Using iPad Apps with kids with ASD

Can they help learning where traditional books can’t?


Every day, there seems to be a new device, app, or website claiming that they can help boost your child’s language skills. But are these claims based in fact? Before investing time and money on these expensive programs, it’s important to know if they will actually benefit your child.


A recent study by Melissa L. Allen, Callum Hartley, and Kate Cain (2016) explored the usefulness of iPads in helping children with ASD learn words. First, they compared how children with ASD and their typically-developing peers categorize pictures. Typically, children categorize objects (in other words, assign a name to them) based on their shape. Allen et al. found that children with ASD pay more attention to object color. This can lead to difficulties in labeling objects with their correct name. For example, a child with ASD may not give the name “apple” to both red and green apples because they are different colors. Knowing that children with ASD process pictures differently, Allen and colleagues investigated if presenting pictures on an iPad would help word learning.


In their experiment, Allen and colleagues taught children with ASD the names of objects using either a single picture of an object, or many pictures of the object in different colors. These pictures were shown on either an iPad App or in a book. When they tested the children to see if they could name the actual objects from the pictures, they found that children scored the same regardless of whether they were taught on an iPad or from a book.
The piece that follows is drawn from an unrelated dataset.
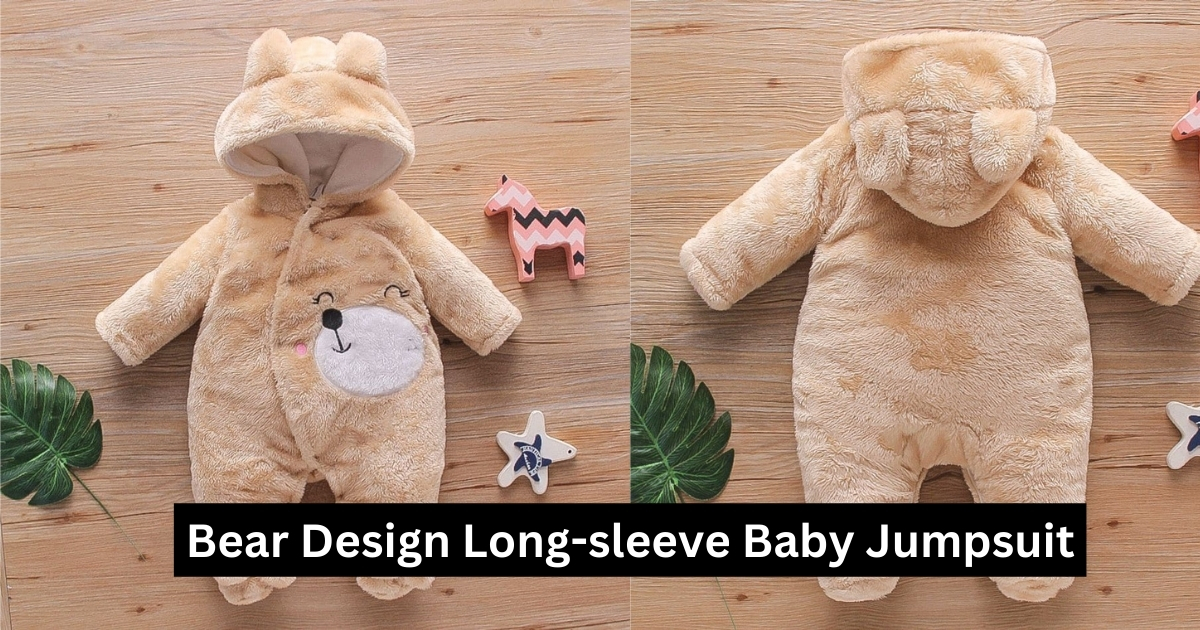 THESPARKSHOP.IN: BEAR DESIGN LONG SLEEVE BABY JUMPSUIT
The most helpful thing in teaching object names was if the child saw multiple pictures of the object, because it would help them understand that a word can apply to objects that don’t look exactly the same.


What does this mean?

Taken with other studies about using iPads to help children with ASD, Allen and colleagues concluded that there are no clear benefits of using iPads over traditional methods to promote communication. However, many children with ASD enjoy using iPads and may pay attention to them for longer than they would a book. The added incentive to pay attention when using an iPad can help children with ASD engage in an activity, and because iPads were not harmful to learning, Allen et al. suggest that iPad Apps can potentially be useful if they’re highly customizable and allow you to choose your own pictures. Therefore, iPads are not essential for improving your child’s language, but you can make them work to your child’s advantage given enough time and resources.



Allen, M. L., Hartley, C., & Cain, K. (2016). iPads and the Use of “Apps” by Children with Autism Spectrum Disorder: Do They Promote Learning? Frontiers in Psychology, 1305.